Suspense builds nicely in 'Mama' before half-baked ending

Things go bump in the night, repeatedly, in Andy Muschietti’s unsettling ghost story.

Suspense builds nicely in 'Mama' before half-baked ending

Things go bump in the night, repeatedly, in Andy Muschietti’s unsettling ghost story.

The Argentinean director masterfully sustains tension for the opening hour of ‘Mama’, teasing us with glimpses of the titular spectre, which runs amok in a frenetic finale.

Fear of the unknown is far more powerful than anything the special effects wizards can conjure, so for the extended periods when we can hear or sense a malevolent force just off screen, our nerves are stretched to breaking point.

Once Muschietti reveals his destructive apparition in her gnarled, twisted glory, and then proceeds to flesh out her convoluted back story, terror turns to incredulity.

Jessica Chastain, who is Oscar nominated for her lead performance in ‘Zero Dark Thirty’, lends gravitas to a potentially throwaway role as a surrogate mother who discovers her nurturing, parental instincts in the eye of a storm.

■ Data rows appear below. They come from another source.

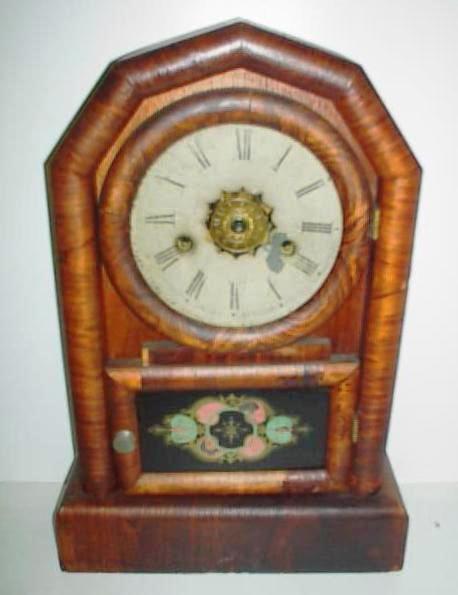 newhavenclcok This pine and Rosewood-veneer clock with a painted glass door is a typical New Haven Clock Company cottage clock.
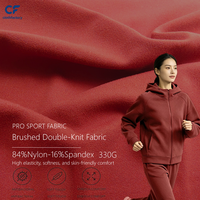 Fabricant fournissant des tissus en polaire de qualité supérieure avec élasthanne pour une grande élasticité, destinés aux vêtements de sport chauds pour femmes.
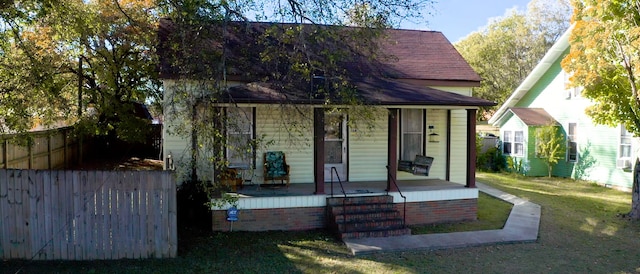 view of front of house featuring a front yard and a porch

It’s a solid performance, complimented by strong support from youngsters Megan Charpentier and Isabelle Nelisse as sisters who have been abandoned to a grim fate.

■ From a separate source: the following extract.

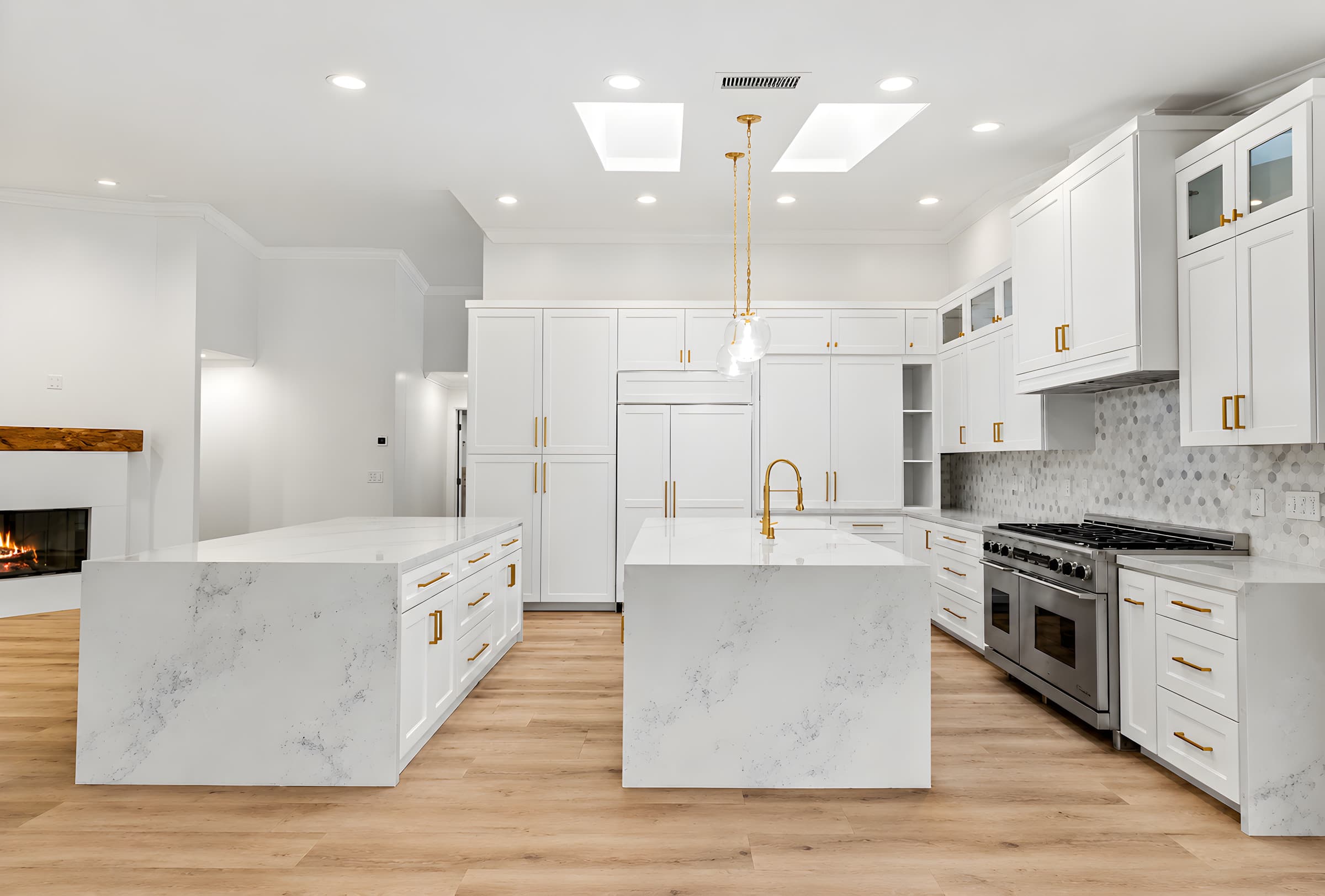 Completed kitchen with twin marble waterfall islands, brass-handled white shaker cabinets, mosaic backsplash, and a six-burner range under a custom hood.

The film opens in 2008 as financial gloom pervades.

Businessman Jeffrey (Nikolaj Coster-Waldau) kills his partners and his wife, then takes his young children Victoria (Charpentier) and Lilly (Nelisse) for a drive into the mountains.

The car skids off the icy road and an injured Jeffrey seeks sanctuary with the girls in a rickety cabin.

“Daddy, there’s a woman outside. She’s not touching the floor,” Victoria ominously informs her father, shortly before he comes to a sticky end.

Five years later, a tracker dog search party locates the two girls, who have been living wild in the cabin under the watchful gaze of an invisible presence they refer to as Mama.

Jeffrey’s twin brother Lucas (Coster-Waldau) is overjoyed that his nieces have been found safe and well, and he and rock guitarist girlfriend Annabel (Chastain) agree to provide a loving home to Victoria and Lilly.

Child psychiatrist Dr Gerald Dreyfuss (Daniel Kash) expresses his desire to continue monitoring the children.

“I didn’t get a chance to screw them up. They came that way,” Annabel jokes to one of her band mates, unaware of the dangers posed by the dark spirit that watches over the urchins.

The fingerprints of executive producer Guillermo del Toro (‘The Devil’s Backbone’, ‘Pan’s Labyrinth’) are all over ‘Mama’, which explores the power of otherworldly forces through innocent eyes.

Danger lurks in every dimly lit corner of Muschietti’s film and he punctuates uncomfortable silences with edge-of-seat jolts.

Suspense builds nicely but once the nefarious spirit emerges from the shadows, the film falters, engineering a half-baked denouement that is both outlandish and peculiarly cathartic.